The number of bits added to the buffer per call to Rand5 is currently 4/5 * 2 so 1.6. If the 1/5 probability value is included that increases by 0.05 so 1.65 but see the comment in the code where I have had to disable this.

Bits consumed by call to Rand7 = 3 + 1/8 * (3 + 1/8 * (3 + 1/8 * (...
This is 3 + 3/8 + 3/64 + 3/512 ... so approx 3.42

By extracting information from the sevens I reclaim 1/8*1/7 bits per call so about 0.018

This gives a net consumption 3.4 bits per call which means the ratio is 2.125 calls to Rand5 for every Rand7. The optimum should be 2.1.

I would imagine this approach is significantly slower than many of the other ones here unless the cost of the call to Rand5 is extremely expensive (say calling out to some external source of entropy).

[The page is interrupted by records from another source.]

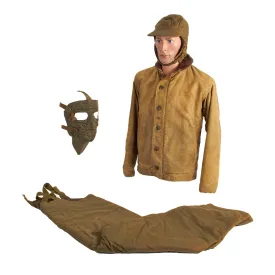 Original U.S. WWII Navy N1 Deck Jacket, Trousers and Cap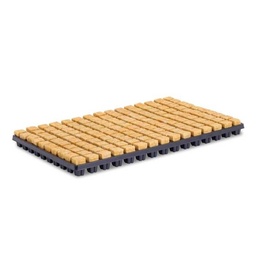 [LANB2] Bandeja 150 Tacos Lana Roca de 25x25x40 mm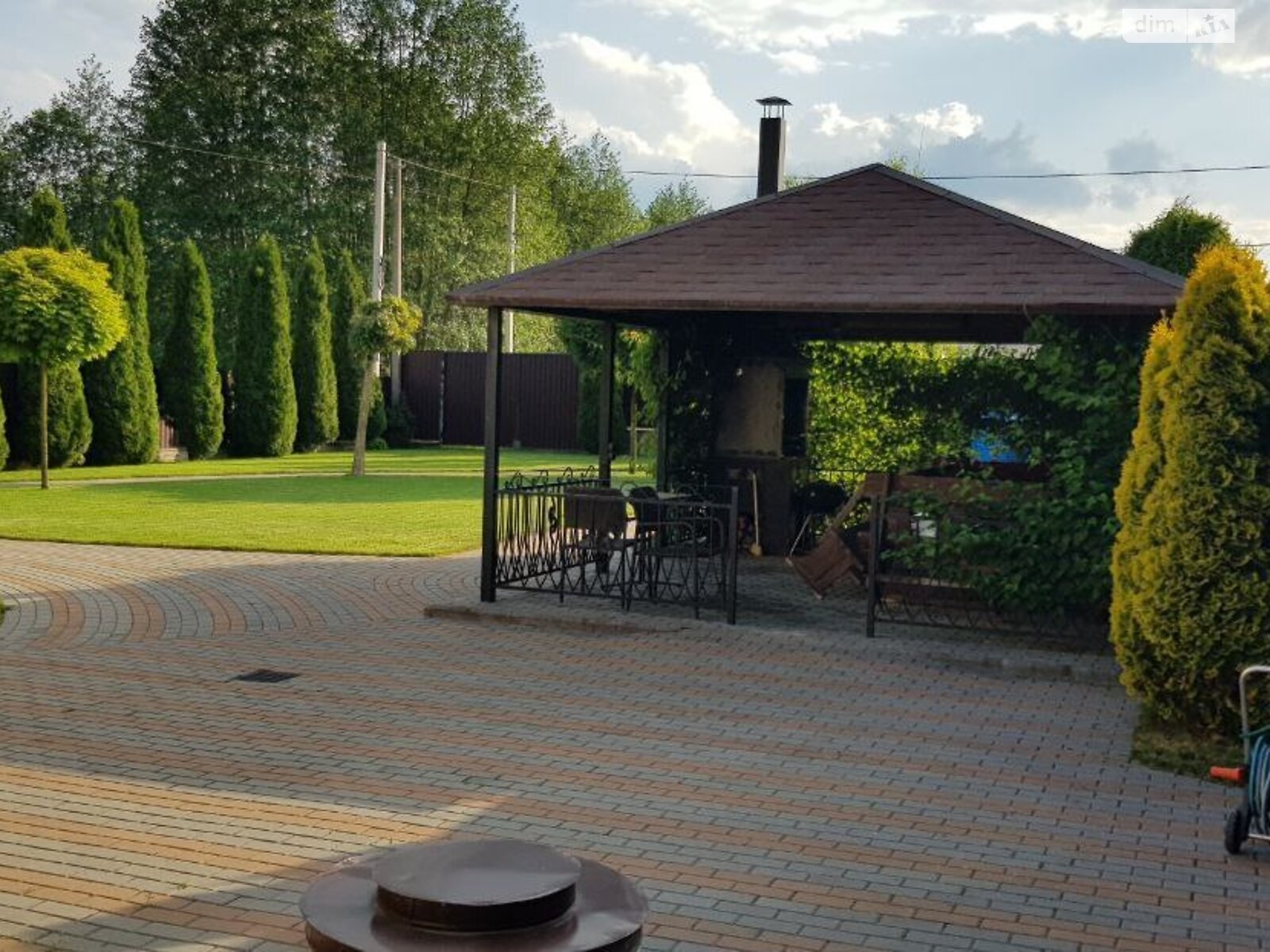 двухэтажный дом беседка, 172.4 кв. м, кирпич. Продажа в Житомире район Корбутовка фото 1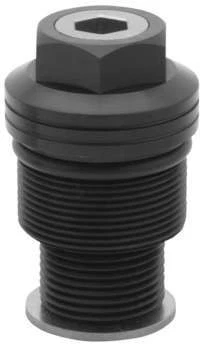 Burly Brand Fork Preload Adjusters - Black Finish Motorcycle Street B28-3000B - Image 1 of 4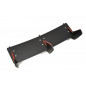 DIFFUSORE POSTERIORE Volkswagen Polo GTI Mk5 Facelift (Cod. M-VW-PO-5F-GTI-CNC-RS1A)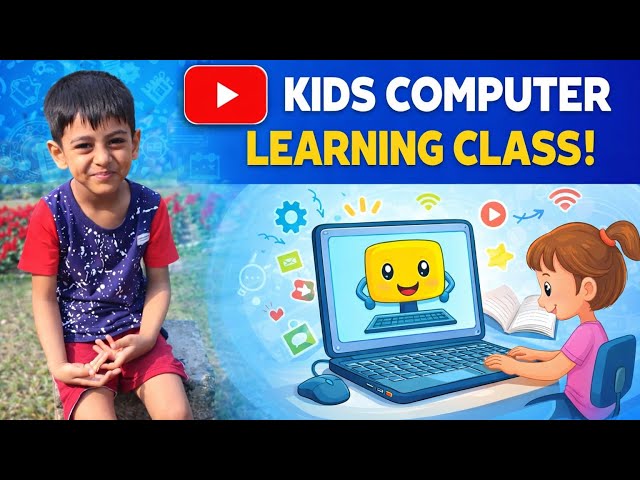 Basic Computer knowledge for kids 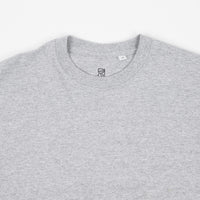 Poetic Collective Art Long Sleeve T-Shirt - Grey thumbnail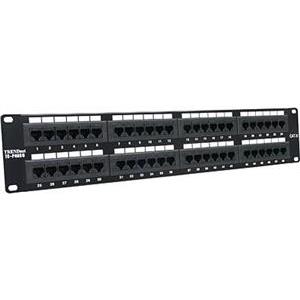 Trendnet 48-port Cat6 Unshielded Patch Panel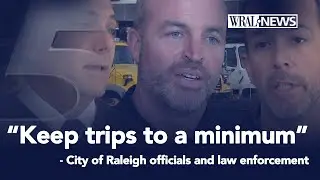 How Raleigh is preparing for another winter storm on top of already-icy roads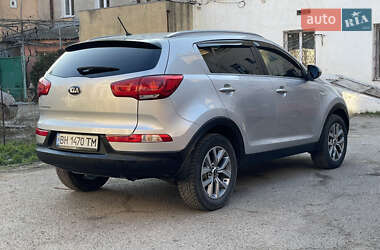 Внедорожник / Кроссовер Kia Sportage 2014 в 
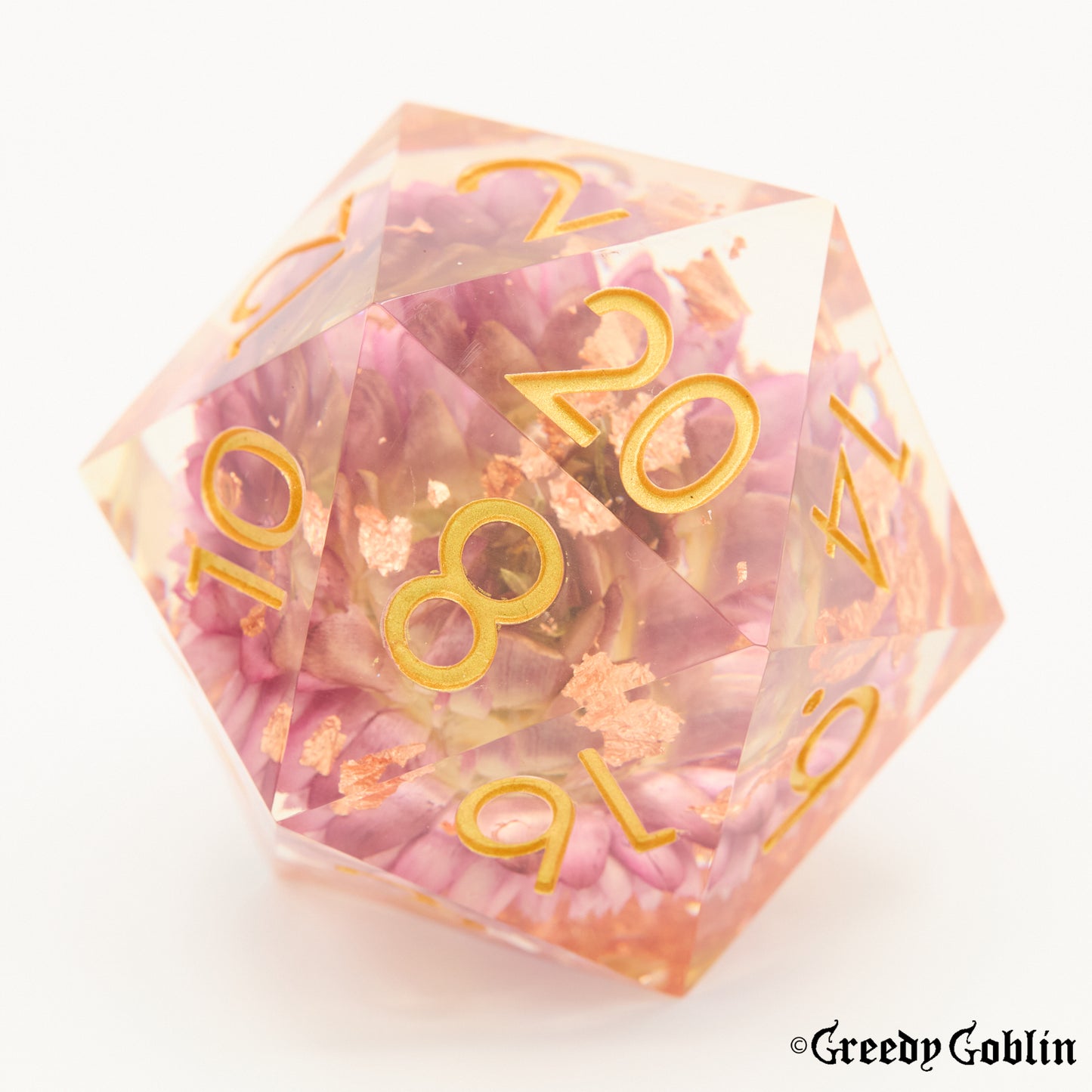 Oversized D20 (Flower)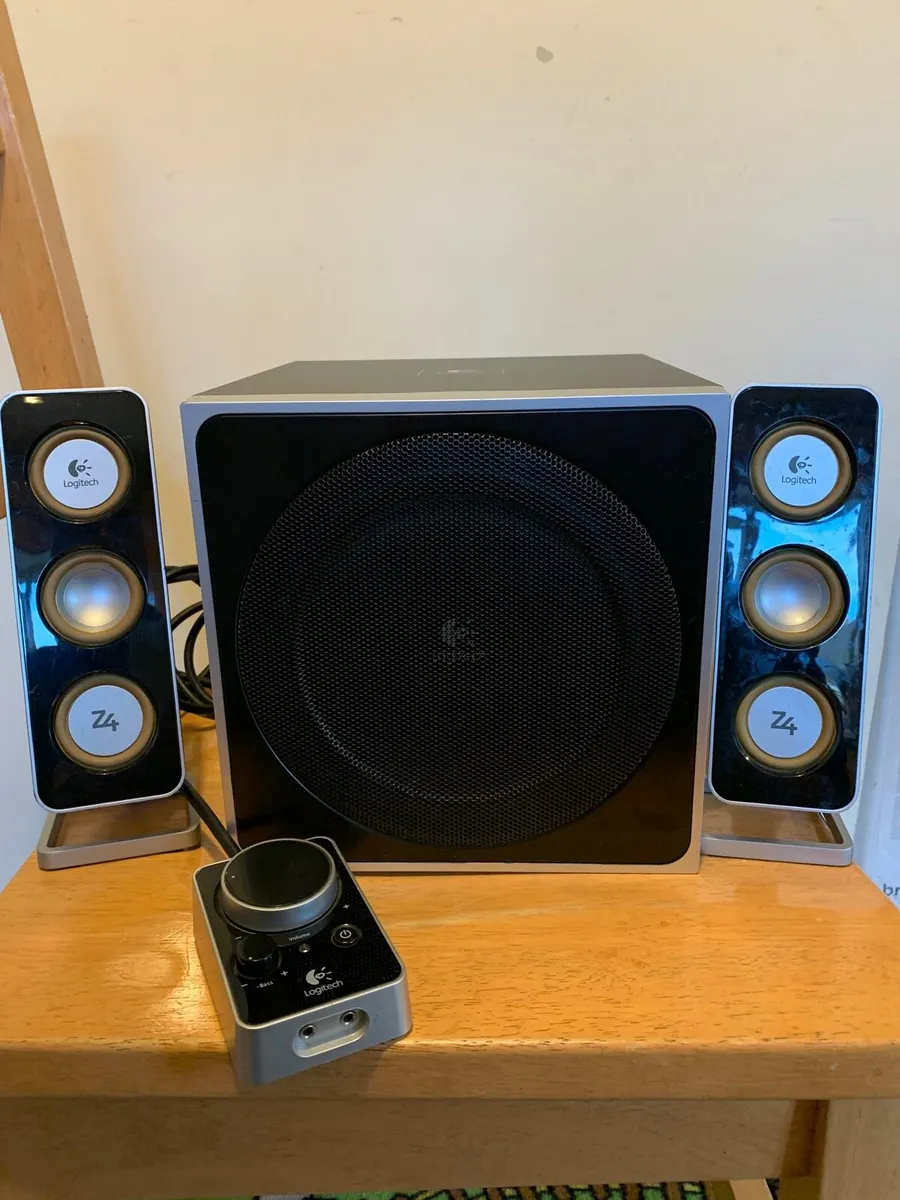 Logitech z4 best sale speakers for sale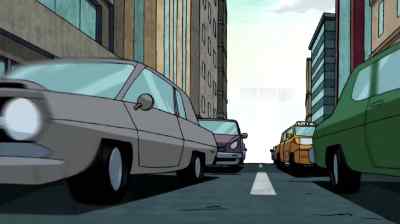 [horns honking] - Teen Titans: Trouble in Tokyo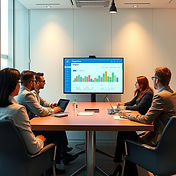 business meeting with people focused no a shared digital dashboard of objectives.jpg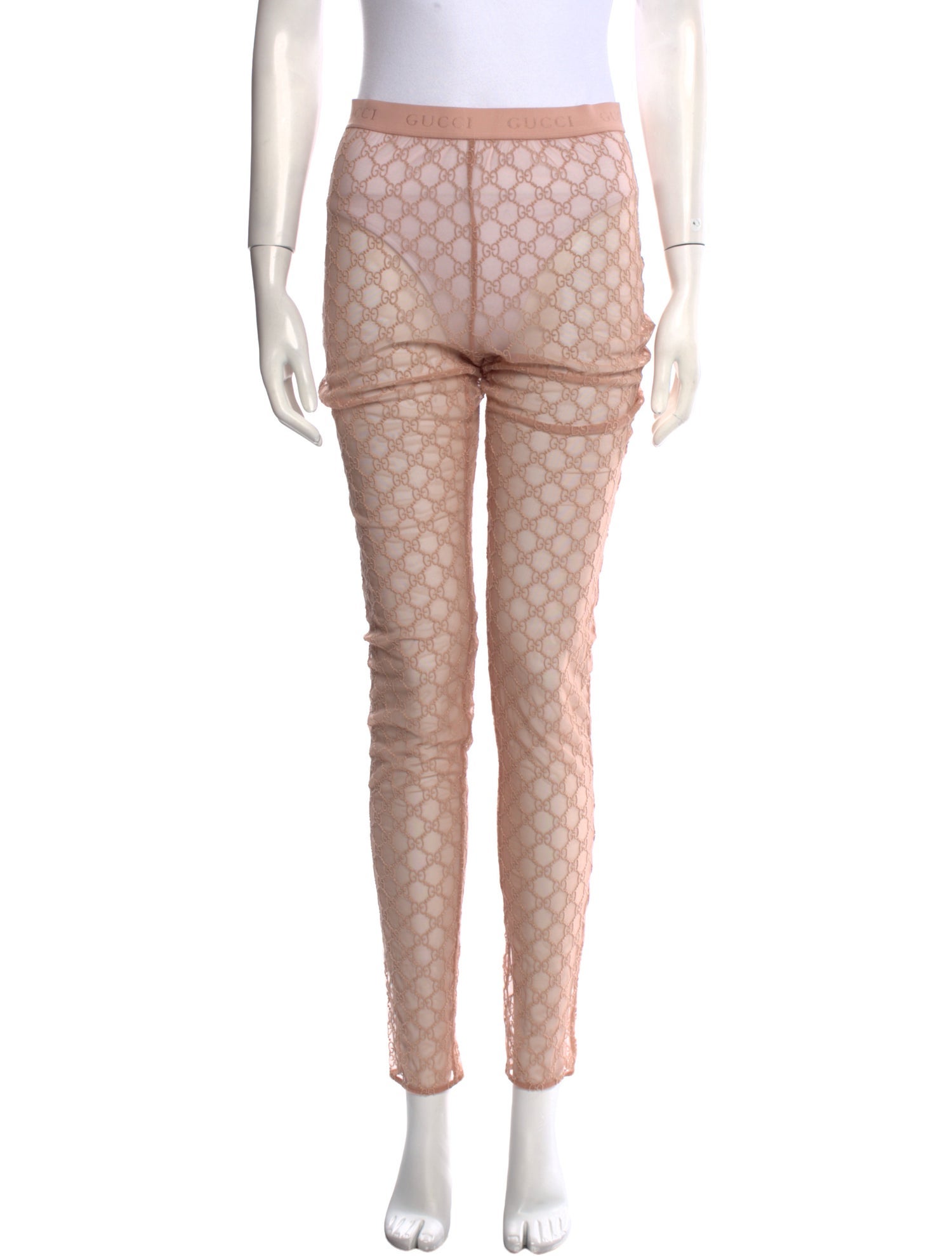 Gucci Lace Skinny Leg Pants w/ Tags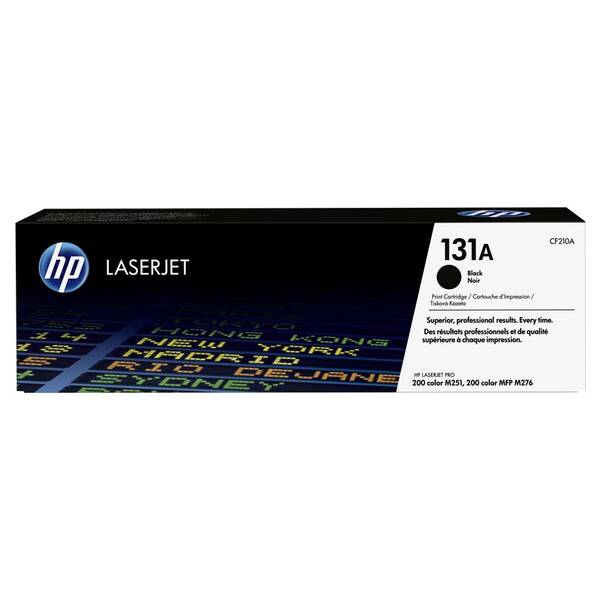 Toner HP 131A, 1 600 stran černý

ShuggyCoUk 2009-05-13 17:38:16

Your solution appears correct, aside from some simple errors: "if(count > 1)" should be "if(count <= 1)", and the "i++" that occurs shortly thereafter should be inside the curly braces that precede it. I'm not sure whether or not BitsSet() is correct, but that's somewhat irrelevant.

Adam Rosenfield 2009-05-13 18:51:43

Overall, though, your function is very difficult to understand. It does make a _slightly_ better use of entropy than it otherwise could, at the cost of more complication. There's also no reason to initially fill the buffer with 35 random bits on the first call, when 3 would suffice.

Adam Rosenfield 2009-05-13 18:56:35

I corrected the <= thanks, the i++ really should be there though. It should happen on the zero and the 1 case (adding a 1 or a zero respectively to the buffer). This is absolutely not what I would suggest using, it's horribly complicated. I was just interested i how close I could get to the theoretical entropy limits inherent in the problem... Thanks for the feedback.Ironically the filling of the buffer on the first call was to make it simpler to write :)

ShuggyCoUk 2009-05-13 20:35:10

I reworked this to be easier to understand (at the cost of speed) but also made it correct. It is not optimum yet, for some reason the 1/5 bits cause issues even though they are uniform in count.

ShuggyCoUk 2009-05-14 10:18:35

Answer 24

+46 A:

I'd like to add another answer, in addition to my first answer. This answer attempts to minimize the number of calls to rand5() per call to rand7(), to maximize the usage of randomness. That is, if you consider randomness to be a precious resource, we want to use as much of it as possible, without throwing away any random bits. This answer also has some similarities with the logic presented in Ivan's answer.

The entropy of a random variable is a well-defined quantity. For a random variable which takes on N states with equal probabilities (a uniform distribution), the entropy is log₂ N. Thus, rand5() has approximately 2.32193 bits of entropy, and rand7() has about 2.80735 bits of entropy. If we hope to maximize our use of randomness, we need to use all 2.32193 bits of entropy from each call to rand5(), and apply them to generating 2.80735 bits of entropy needed for each call to rand7(). The fundamental limit, then, is that we can do no better than log(7)/log(5) = 1.20906 calls to rand5() per call to rand7().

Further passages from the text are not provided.